Hello world, My name is
Kayla Ippongi
MS Artificial Intelligence @ Johns Hopkins | Senior SWE @ Rivian
About Me
Hi there! My name is Kayla!
I’m a software engineer with 5 years of experience and an M.S. in AI, and I’m passionate about using machine learning and intelligent systems to solve real-world problems. At Rivian, I’ve built platforms that saved millions and sped up workflows 10×, and in my AI research I’ve worked on computer vision and autonomous vehicle datasets. I’m excited about pushing the boundaries of what AI can do and building products that have a meaningful impact at scale.
My background spans full-stack development, AI/ML systems, and enterprise integrations. I thrive on solving complex technical challenges that deliver measurable business value - whether that's building AI models, architecting scalable GraphQL APIs, or integrating and building microservices.
Recent focus areas:
AI / ML
Backend & APIs
Cloud & Data
Tools & Frameworks
Experience
Senior Software Engineer
Rivian | Sept 2022 - Present
- Led platform integration that automated Fleet workflows—reducing 131 labor hours/day and saving $2M annually
- Optimized API latency from 15s to 1.5s (10x improvement), saving $6M annually in wait time
- Migrated e-signature services to Box API, ensuring feature parity while improving scalability
Software Engineer
Rivian | April 2021 - Sept 2022
- Built backend services for Recall and Quality Containment dashboard, reducing manual tracking across thousands of vehicles
- Improved recall data retrieval speed by 6x using ElasticSearch optimization
Software Engineer
Wayfair | June 2019 - Feb 2020
- Developed Storefront Product Options features, improving engagement across millions of products
- Led cross-functional API migration to serve all product option data
DevOps Developer Intern
IBM | May - July 2018
- Built internal tool to optimize Kubernetes port lookup process for cloud security team
Projects
Computer Vision

YOLOv4 Street Parking Detection
- Curated and annotated a combined dataset from Argo, Waymo, and nuScenes (4,500 frames) and evaluated YOLOv4 vs. Faster R-CNN for on-street parking localization.

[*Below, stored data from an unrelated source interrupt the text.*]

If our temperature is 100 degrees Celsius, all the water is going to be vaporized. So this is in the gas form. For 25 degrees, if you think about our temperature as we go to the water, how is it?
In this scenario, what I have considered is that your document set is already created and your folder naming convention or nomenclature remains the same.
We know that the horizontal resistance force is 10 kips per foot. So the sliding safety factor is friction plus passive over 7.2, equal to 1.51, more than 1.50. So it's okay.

- Achieved up to 83% precision (combined mAP ≈ 64%), identified dataset-combination benefits, and proposed extensions (3D detection, sign-reading, knowledge graphs)

Car Lane Detection
- Real-time computer vision pipeline for autonomous vehicle lane detection using OpenCV and Python
- Implements multi-stage image processing including Canny edge detection, Hough line transformation, and region-of-interest masking to accurately identify lane boundaries in video streams under diverse road and lighting conditions.

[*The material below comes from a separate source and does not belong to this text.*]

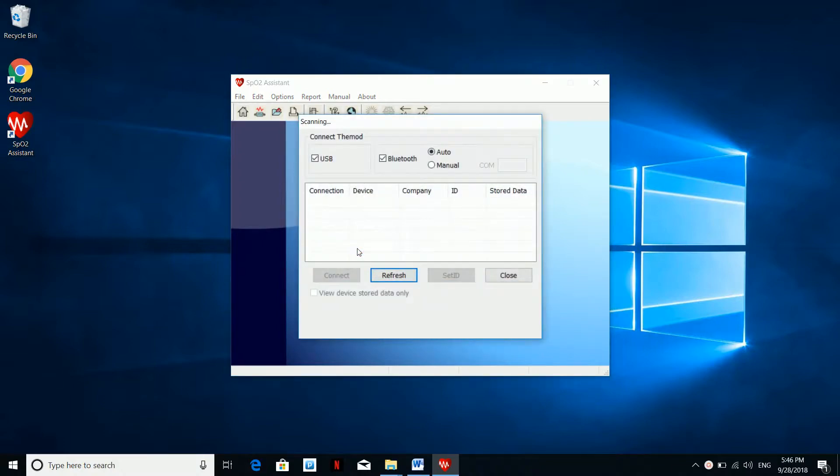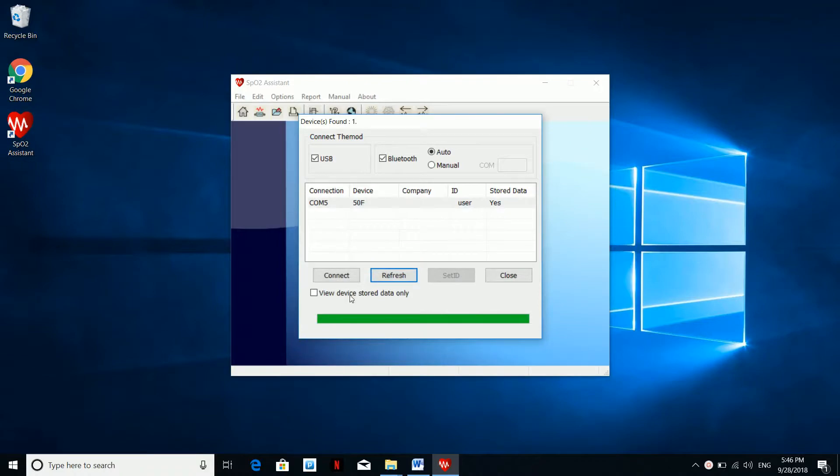Make sure your oximeter is on and the software will automatically find the device name. You can also manually refresh to look for the device.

Natural Language Processing
Machine Learning & AI

Autonomous Racing Reinforcement Learning System
- Autonomous racing system using reinforcement learning algorithms to navigate a racetrack with varying track layouts and obstacles.
- Implemented various reinforcement learning algorithms including Q-learning, SARSA, and DQN to navigate the racetrack and avoid obstacles.

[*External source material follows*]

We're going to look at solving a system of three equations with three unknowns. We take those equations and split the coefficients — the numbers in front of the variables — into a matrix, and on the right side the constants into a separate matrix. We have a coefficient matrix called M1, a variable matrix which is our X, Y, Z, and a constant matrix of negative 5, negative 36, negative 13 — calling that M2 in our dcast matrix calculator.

- Features collision detection using Bresenham's line algorithm, intelligent crash recovery with breadth-first search, and performance analysis across multiple track configurations

Writing Quality Prediction System
- Machine learning system for automated writing assessment using keystroke behavioral analysis.
- Developed for Kaggle's writing quality competition, implementing sophisticated ensemble learning with CatBoost, Random Forest, and Linear Regression.
- Features extensive feature engineering on writing process data to predict essay quality from typing behavioral patterns
Research and Writing
Contingencies and Implications of Artificial Consciousness
- Consciousness and alignment in AI models in something that I'm really interested in!
- I explored whether we can create truely conscious AI or just systems that fake it, through analyzing past consciousness frameworks and artifical qualia implementations.